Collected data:
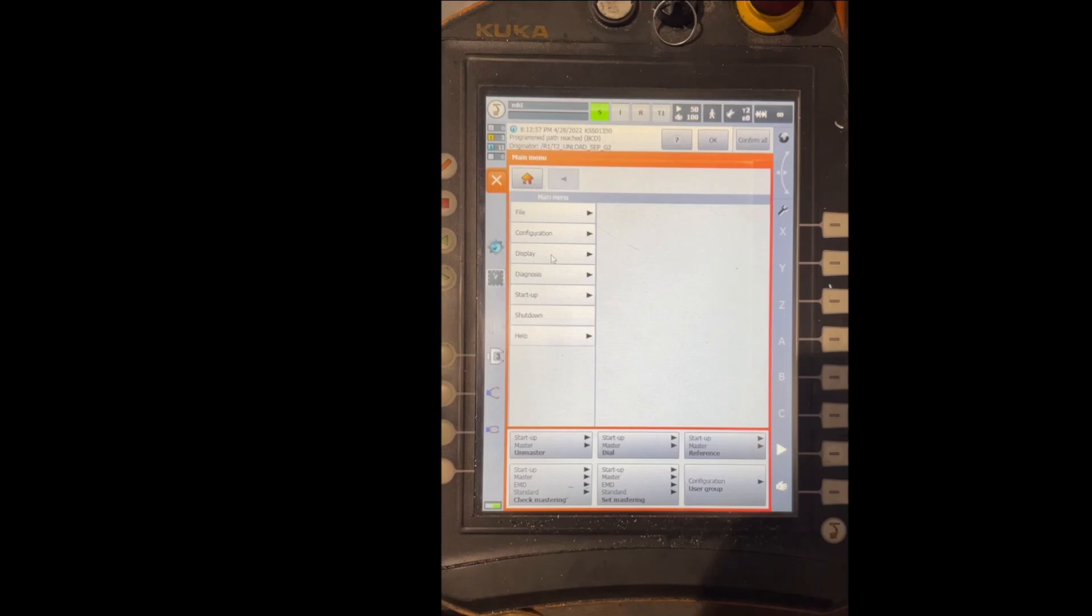Hello, in this video I will be showing you how to master the axes on Kuka robot.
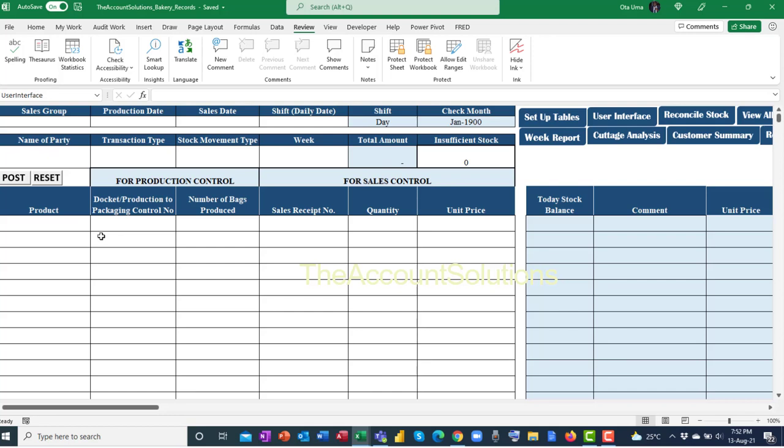The first thing you need to do is post all your productions or all products received from other branches. Post them in before recording sales. The account clerk typically posts at the end of the day. It doesn't matter much whether production is posted before sales, but if you want to check stock balance, you must post production before sales.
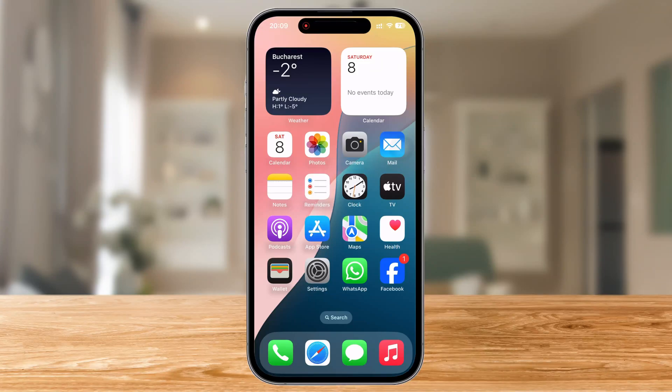Have you ever noticed that your iPhone automatically backs up to iCloud, sometimes using up storage or draining the battery at the worst moments? Today, I'm going to show you how to disable automatic backup mode on your iPhone so you have full control over when and how your data is saved. Stay with me till the end, and I'll also share a few tips on managing iCloud storage efficiently. Let's jump right in.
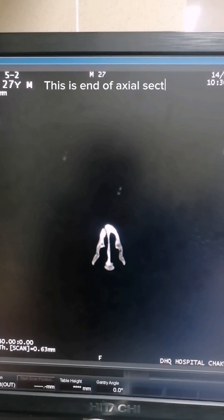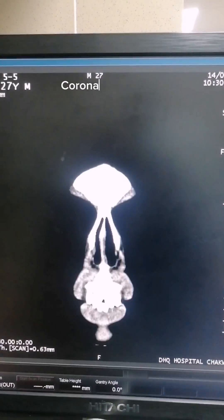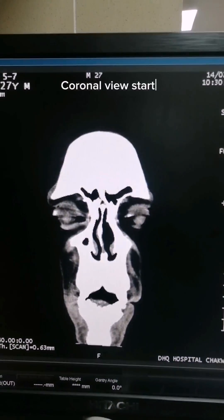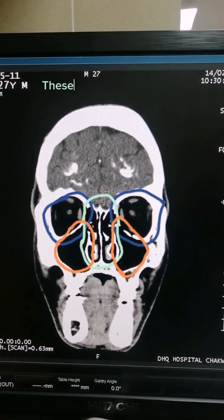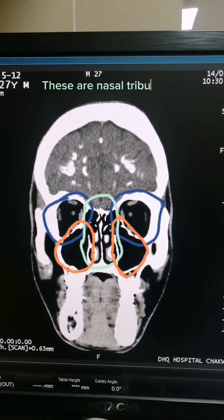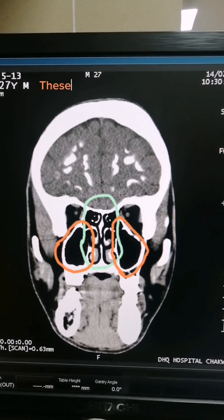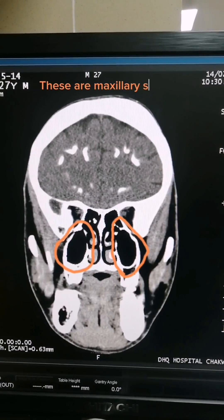This is the end of the axial section. Coronal view starts. These are the orbits. These are the nasal turbinates. These are the maxillary sinuses.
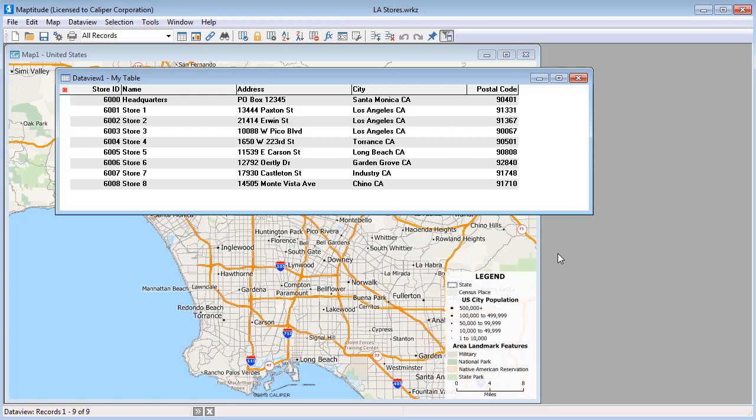One method for creating PIN maps of your data is to use Create a Map Wizard, which will guide you step by step through the process. For more information, please see the tutorial on creating a map using your data.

■ ASSIGNED TASK:
What is needed is a word-for-word copy of the lines from the start of the data to the line with "Have you ever", inclusive, with no pictures in it.

■ SOLUTION TO THIS PROBLEM:
Hello, in this video I will be showing you how to master the axes on Kuka robot.
The first thing you need to do is post all your productions or all products received from other branches. Post them in before recording sales. The account clerk typically posts at the end of the day. It doesn't matter much whether production is posted before sales, but if you want to check stock balance, you must post production before sales.
Have you ever noticed that your iPhone automatically backs up to iCloud, sometimes using up storage or draining the battery at the worst moments? Today, I'm going to show you how to disable automatic backup mode on your iPhone so you have full control over when and how your data is saved. Stay with me till the end, and I'll also share a few tips on managing iCloud storage efficiently. Let's jump right in.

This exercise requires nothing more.